If I had to pick a single piece of advice for school leaders it would be this: if you keep asking questions rooted in your past you are never going to get to your future.
Bless the hearts and minds of those who have come before, but so much advice given to schools rests on understanding where we have been, not on expanding the possibilities of where we might go. If we survey our customers with a list of words and phrases and ask them to pick what is important to them, we get a ranking based on those questions. It is like putting customers in front of a Chinese food buffet and asking them which dishes they prefer. We get great feedback in terms of Chinese food but it tells us NOTHING about what kind of food they prefer overall, what they might pay to get their favorite food, or what dishes they might imagine if the buffet contained a vastly wider array of options. Sure, it is easy to quantify our customers’ responses, but it tells us little about “the possible”.

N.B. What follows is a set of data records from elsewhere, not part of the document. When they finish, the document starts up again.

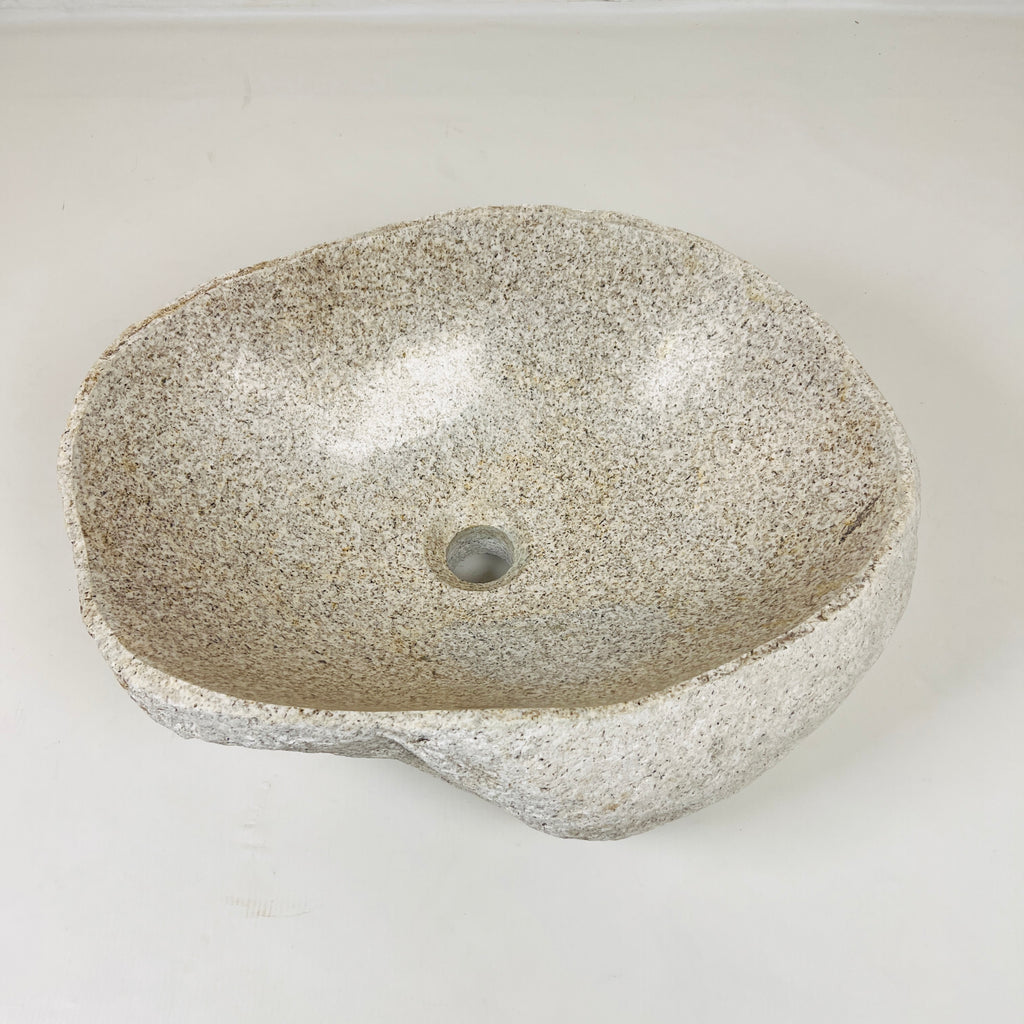 Eggshell Spotted River Stone Sink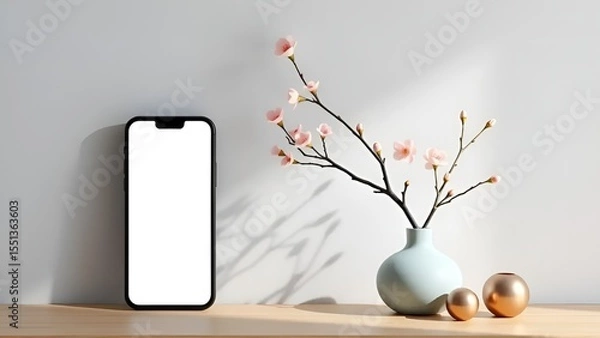 Fototapeta Minimalist Zen Still Life with Pink Blossom Tree, Smartphone, and Pastel Decor in Soft Light
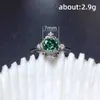 Solitaire Ring Elegant Green Cubic Zirconia Lady Party Hollow Out Design Delicate Anniversary Gift Luxury Fashion Jewelry for Women Y2302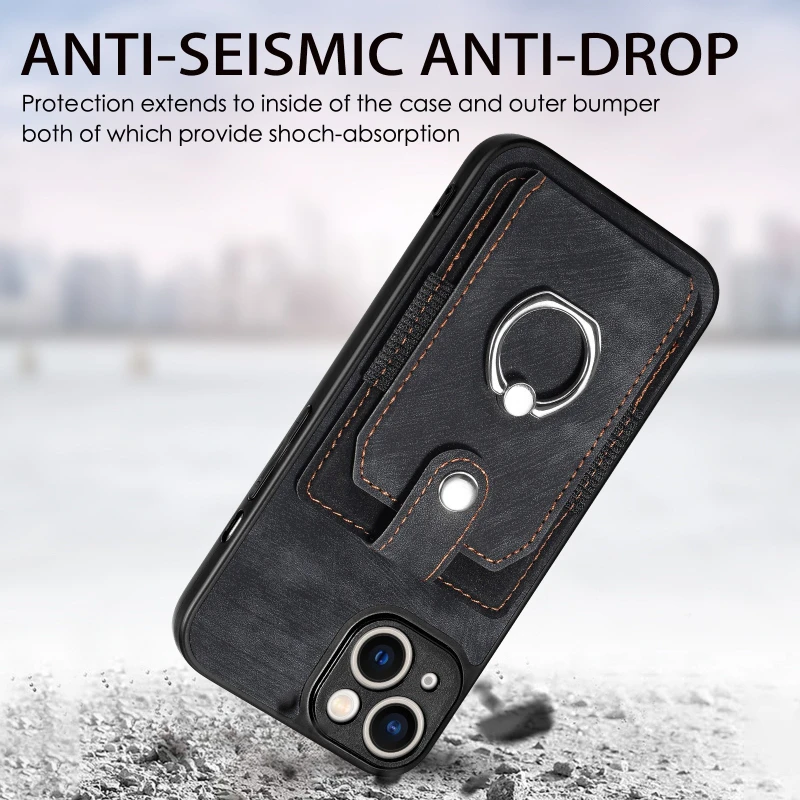 Ring Stand Card Holder PU Leather Shockproof Phone Case - Tough Hard Protective Cover
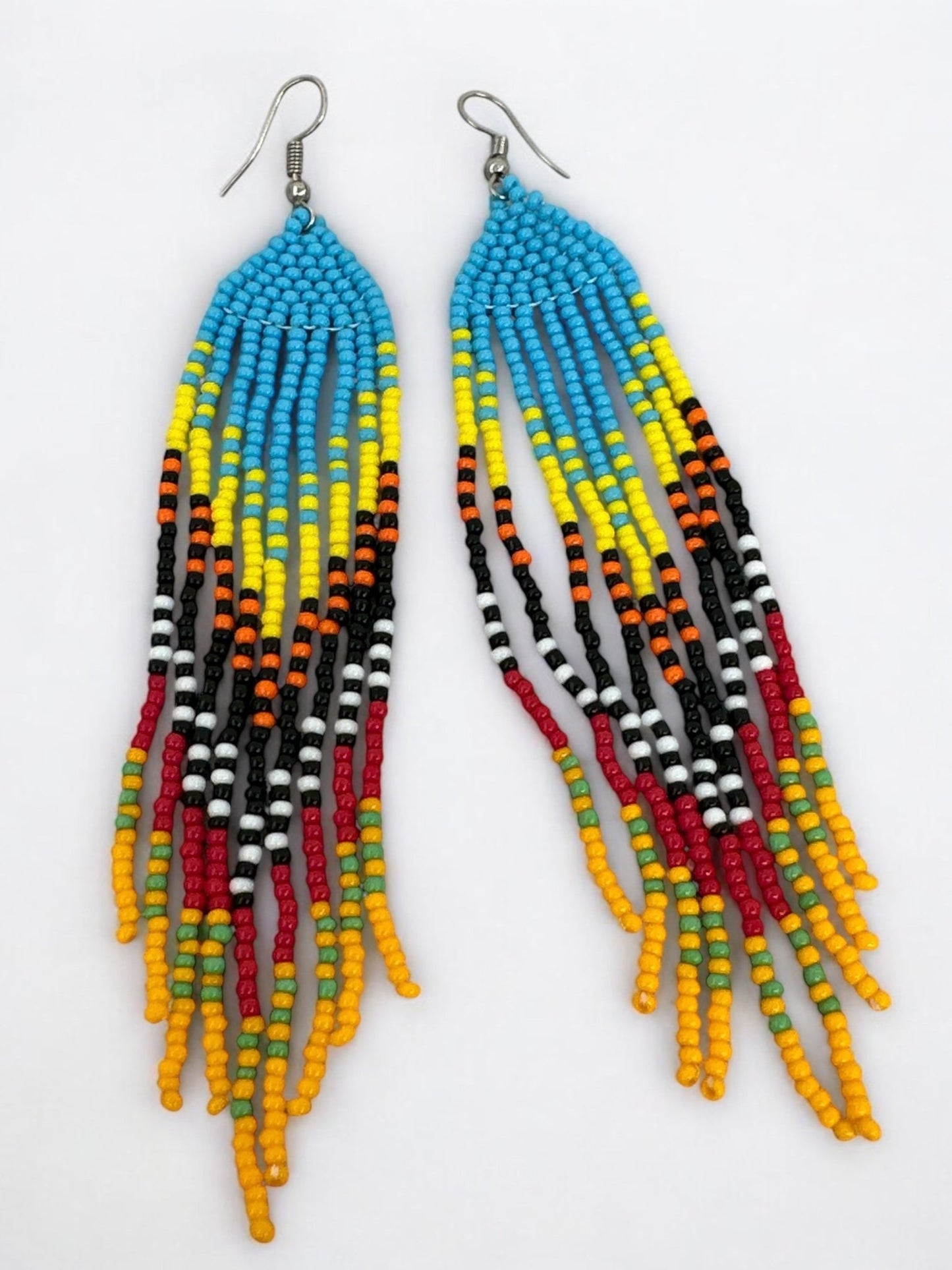 Long Authentic African Ethnic Multicolour Beaded Tassel Dangle Earrings - Fatisha Boutique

If schools are going to be relevant in the future, they have to imagine “school” as something different from a relatively safe place to deliver (hopefully rigorous) academic content. We will never get past that if we are constrained by the current items on the buffet. So I will be blunt: if your school is asking the same questions in the same ways, and planning based on those responses, there are two potential outcomes: diminishing relevance and going out of business.
Ask questions like “what does great learning look like”. Schools are about learning; we have to be great at delivering learning that our customers value. If we don’t start there, we are designing for the past. Everything else follows.